About this task: With the pictures left out, write out the records verbatim.

*** Opening Data shown ***

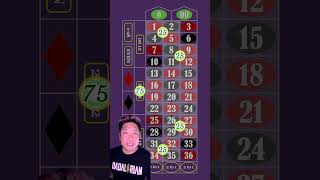 WIN $100 ON EACH SPIN! "V28" #roulette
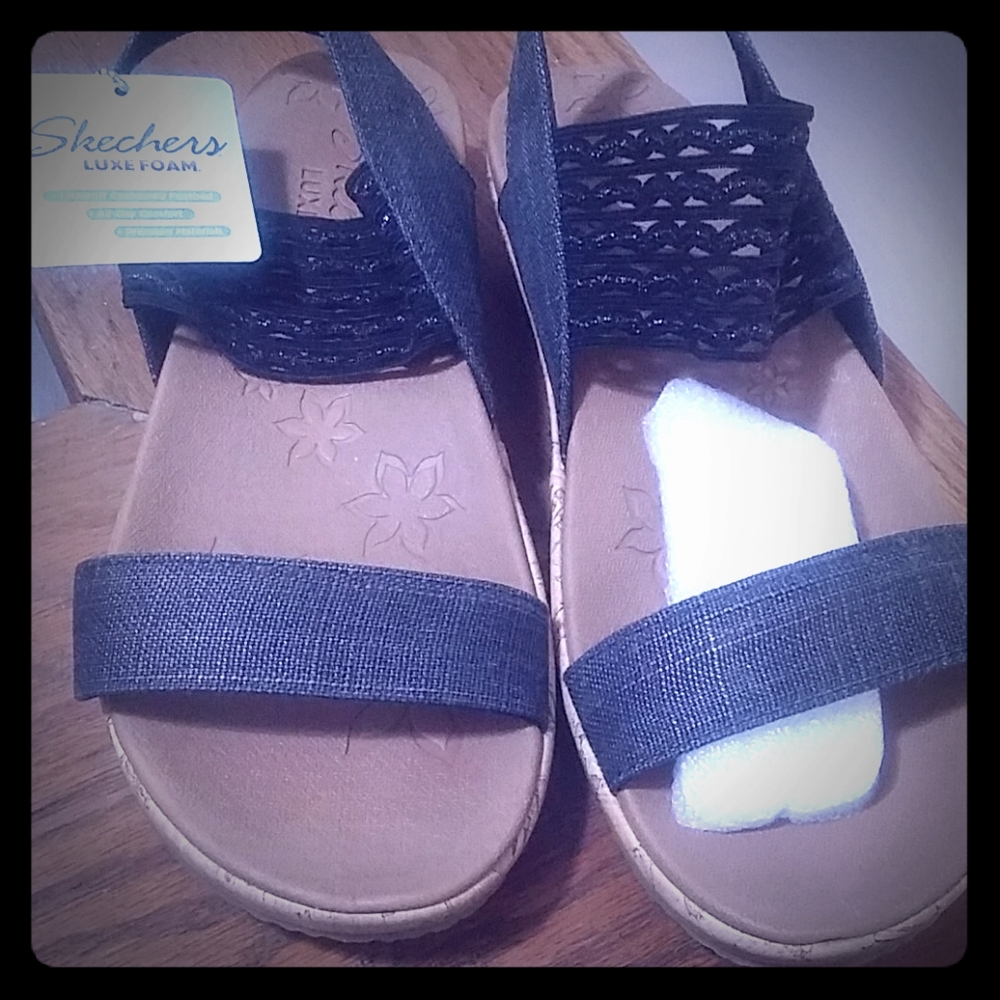 Skechers Sandals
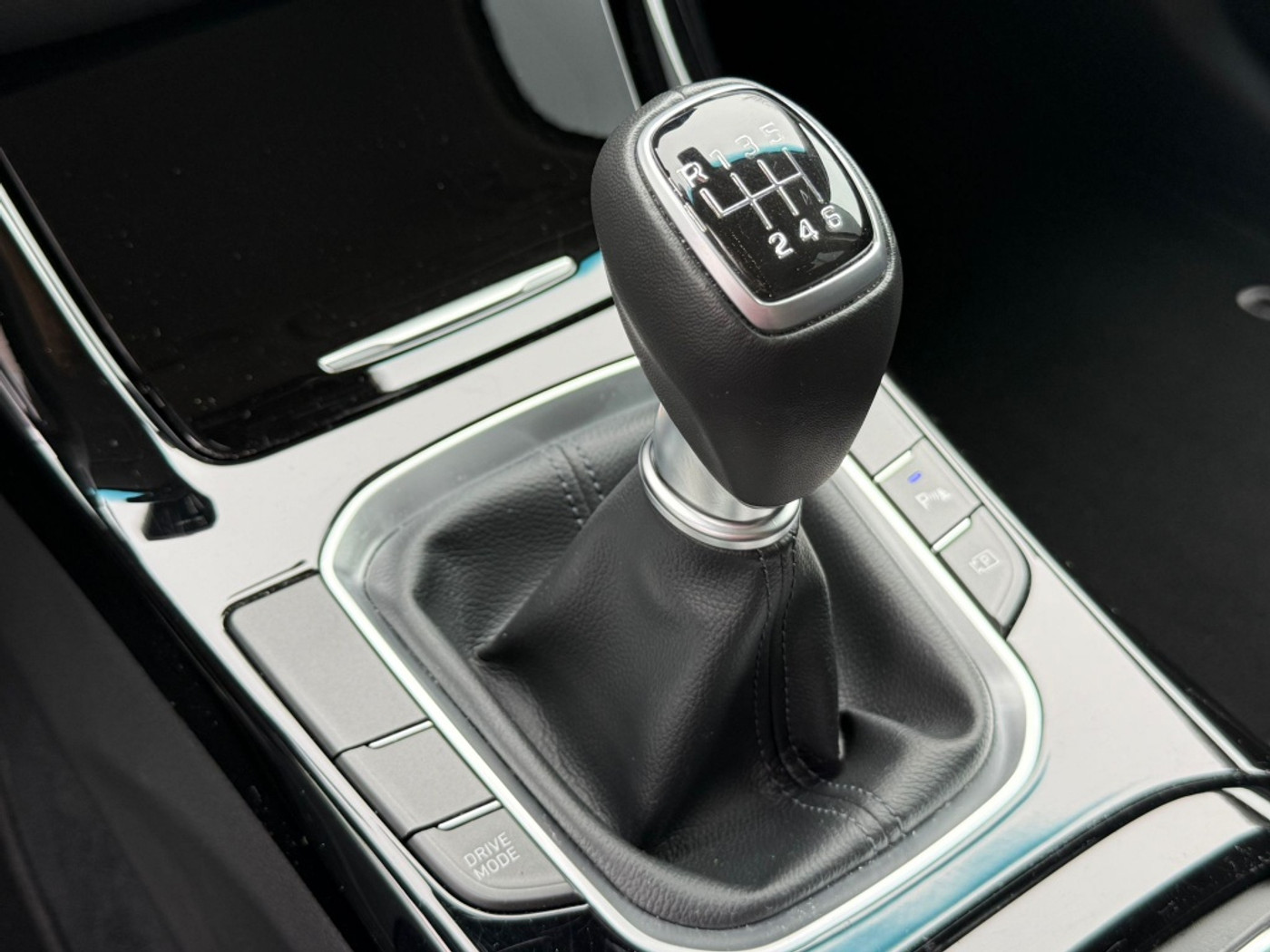 Foto van Hyundai I 30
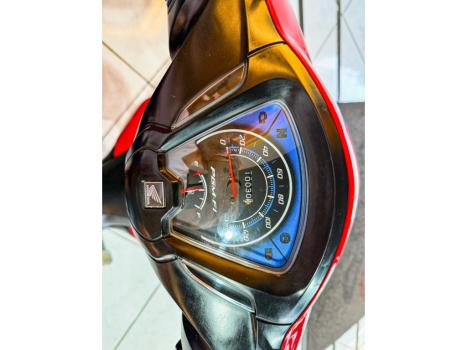HONDA Biz 110 I , Foto 8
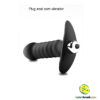 Plug com vibrador - Imagem 3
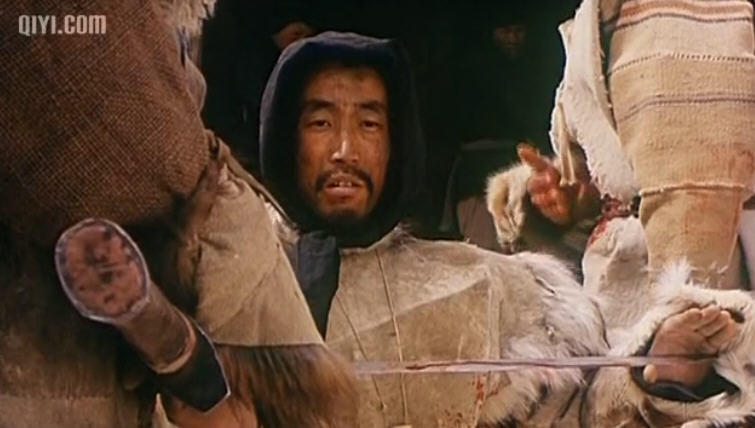  p data-id="go18gx7fe2">《双旗镇刀客》是由何平执导,高伟, a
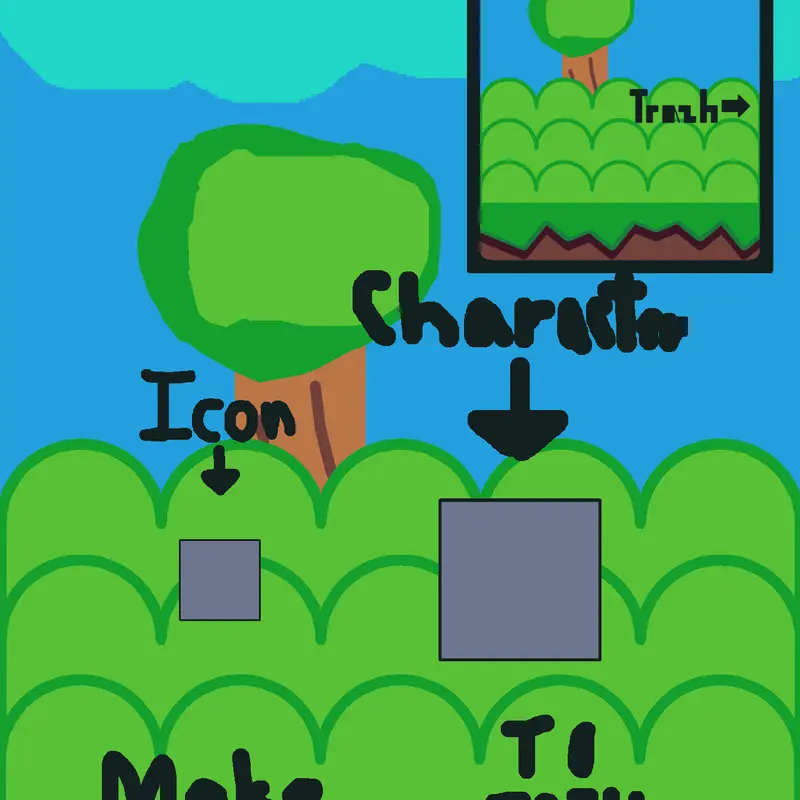 Game by @Dloom_X2025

*** Closing Data shown ***

Written answer:
 WIN $100 ON EACH SPIN! "V28" #roulette
 Skechers Sandals
 Foto van Hyundai I 30
HONDA Biz 110 I , Foto 8
 Plug com vibrador - Imagem 3
  p data-id="go18gx7fe2">《双旗镇刀客》是由何平执导,高伟, a
 Game by @Dloom_X2025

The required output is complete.